Isi spanduk mahasiswa itu sebenarnya cerminan dari kegelisahan warga negara. "19 juta lapangan kerja" itu bukan hoaks. Itu janji yang terucap waktu kampanye. Tapi sampai sekarang, yang ada justru 19 juta pertanyaan di kepala warga negara: lapangan kerjanya di mana? Di bawah tikar? Di dalam mimpi?
Kritik soal "dinasti tiada henti" juga bukan ujaran kebencian. Itu realitas politik kita yang makin hari makin seperti sinetron keluarga. Ayah di puncak, anak di samping, adik di belakang, sepupu di pojok, dan warga negara di luar pagar, nonton sambil gigit jari. Tapi mengkritik dinasti dianggap dosa besar. Mungkin karena di negeri ini, darah biru lebih penting daripada suara warga negara.

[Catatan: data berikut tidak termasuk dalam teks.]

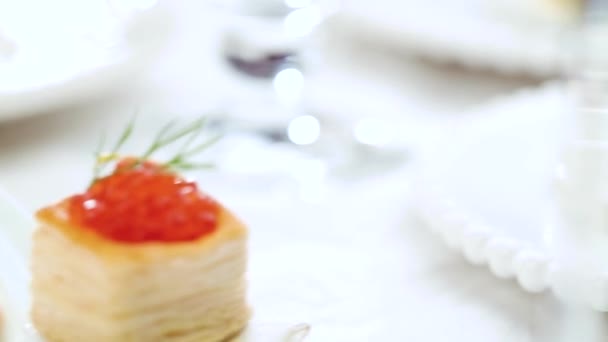 Tartlets Com Caviar Vermelho Placa Branca — Vídeo de Stock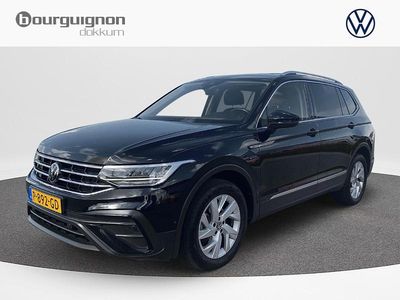 Zwart Occasion 2022 VW Tiguan Business SUV | € 29.249 (Duur)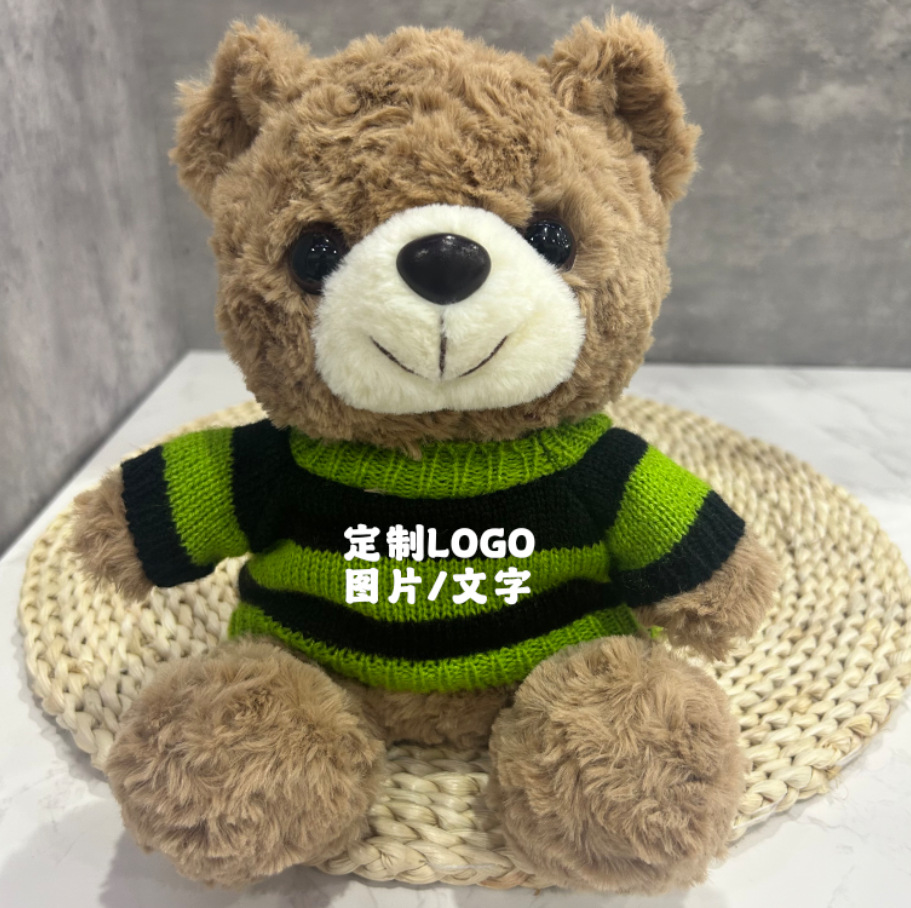 Los juguetes de peluche lindos se pueden combinar con logotipos impresos para enviar muñecas de muebles a amigos y vecinos.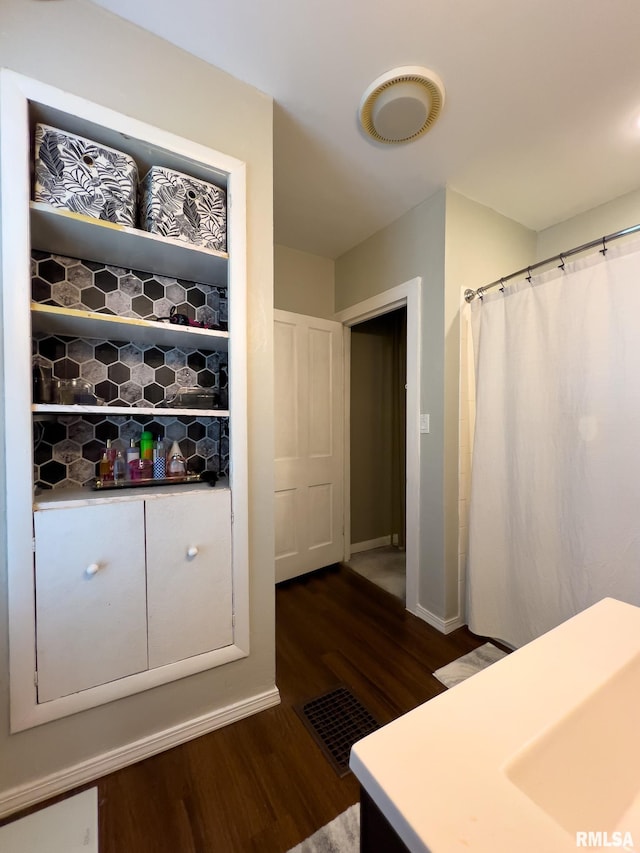 306 N Jefferson St, Abingdon, IL 61410 - bathroom with wood finished floors and baseboards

Wakapolres Blitar Kota bilang penangkapan itu sesuai prosedur. Mereka hanya mengamankan karena takut "ada yang menerobos". Oke, mari kita pahami logika ini: mahasiswa bawa spanduk → dianggap menerobos → langsung digiring masuk mobil → diamankan 4 jam → dikembalikan tanpa proses hukum. Jadi sebenarnya salah mereka apa? Bawa karton? Berdiri di tempat yang salah? Atau cuma salah zaman?
Kalau semua prosedural, berarti yang salah adalah prosedurnya. Kalau yang dikritik kebijakan publik, kenapa yang ditangkap malah publiknya?

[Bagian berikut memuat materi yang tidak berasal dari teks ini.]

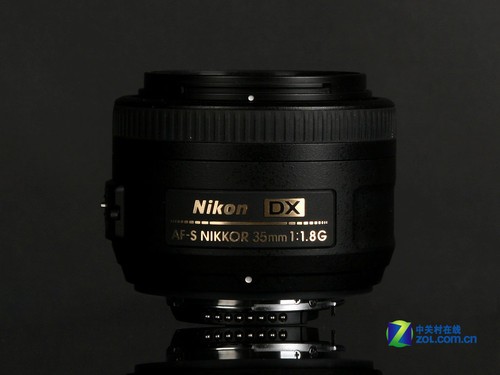 迷人焦外虚化 年轻人的第一枚大光圈镜头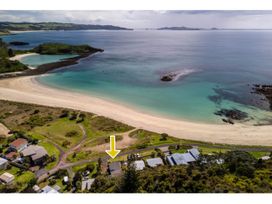 Blue Waters Retreat - Kerikeri Beachfront Home -  - 1169328 - thumbnail photo 4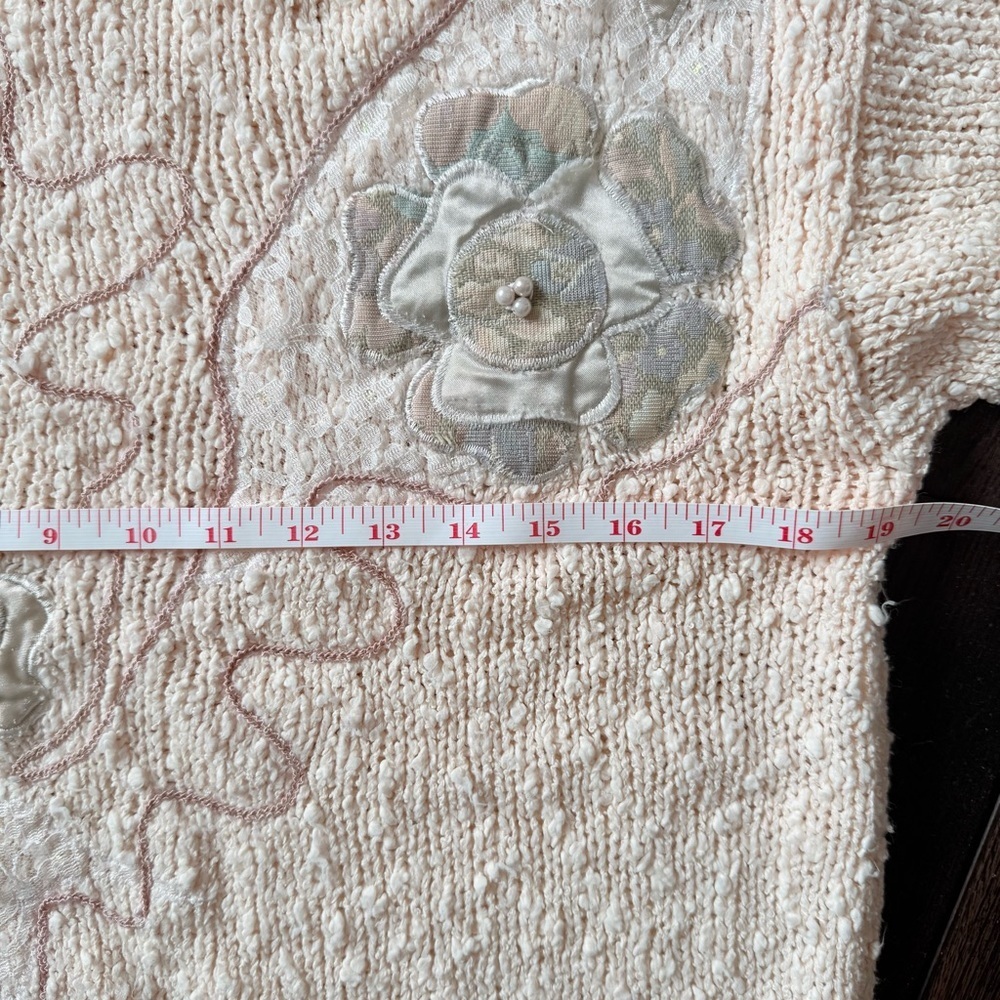 Vintage Pale Pink Floral-Appliqué Crewneck Sweater - Picture 7 of 8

Aksi mahasiswa bukan kejahatan. Mereka hanya bertanya. Tapi di negeri ini, bertanya bisa bikin orang diamankan. Ini jelas bukan soal keamanan. Ini soal mentalitas kekuasaan yang takut dikritik. Semakin kuat klaim demokrasi, semakin rapuh reaksinya ketika dihantam kenyataan.
Penangkapan mahasiswa PMII adalah peringatan bahwa ruang demokrasi di Indonesia makin menyempit. Sekarang masih mahasiswa yang ditangkap. Besok siapa? Petani yang protes harga pupuk? Buruh yang demo upah? Wartawan yang nulis artikel satire seperti ini?
Saat institusi formal tak lagi jadi penyeimbang kekuasaan, mahasiswa adalah suara terakhir dari nalar publik. Mereka tak punya pangkat, tak punya anggaran, tapi mereka punya suara. Dan ketika suara itu mulai dibungkam, kita sedang berjalan mundur ke zaman di mana pemimpin dianggap raja, dan warga negara cuma pelengkap statistik.
Kita tak bisa terus hidup dalam ilusi "semua baik-baik saja". Negara ini dibangun bukan hanya dengan infrastruktur dan proyek mercusuar, tapi juga dengan kebebasan. Kalau kritik dianggap ancaman, maka kita sedang menyaksikan demokrasi mati perlahan.
Tidak semua yang keras itu berbahaya. Tidak semua yang beda itu musuh. Kritik adalah tanda cinta. Spanduk mahasiswa bukanlah simbol makar, tapi cermin dari keresahan. Kalau negara tak bisa membedakan antara kritik dan ancaman, maka sesungguhnya yang lemah bukan demokrasi, tapi mentalitas pemimpinnya.
Pemerintah, aparat, dan semua pemegang kekuasaan harus sadar bahwa sterilitas bukan berarti kekosongan suara. Jika setiap kritik disikapi dengan intimidasi, maka negeri ini sedang menuju rezim bisu di mana suara warga negara hanya boleh dalam bentuk pujian.
Penangkapan mahasiswa PMII di Blitar bukan insiden sepele. Itu sinyal keras bahwa demokrasi kita sedang masuk tahap rawat inap. Ruang publik dipersempit, suara warga negara dicurigai, dan kebebasan berekspresi hanya boleh dilakukan jika isinya memuji.
Negara ini butuh suara nyaring. Butuh mahasiswa yang berani bicara. Bukan karena mereka benar selalu, tapi karena mereka satu-satunya yang masih cukup waras untuk melawan kegilaan sistem yang sudah terlalu nyaman dengan kekuasaan.
Jika kritik mahasiswa dianggap mengganggu kenyamanan VVIP, maka sudah saatnya warga negara bertanya: siapa yang sebenarnya harus dijaga, pemimpin atau demokrasi?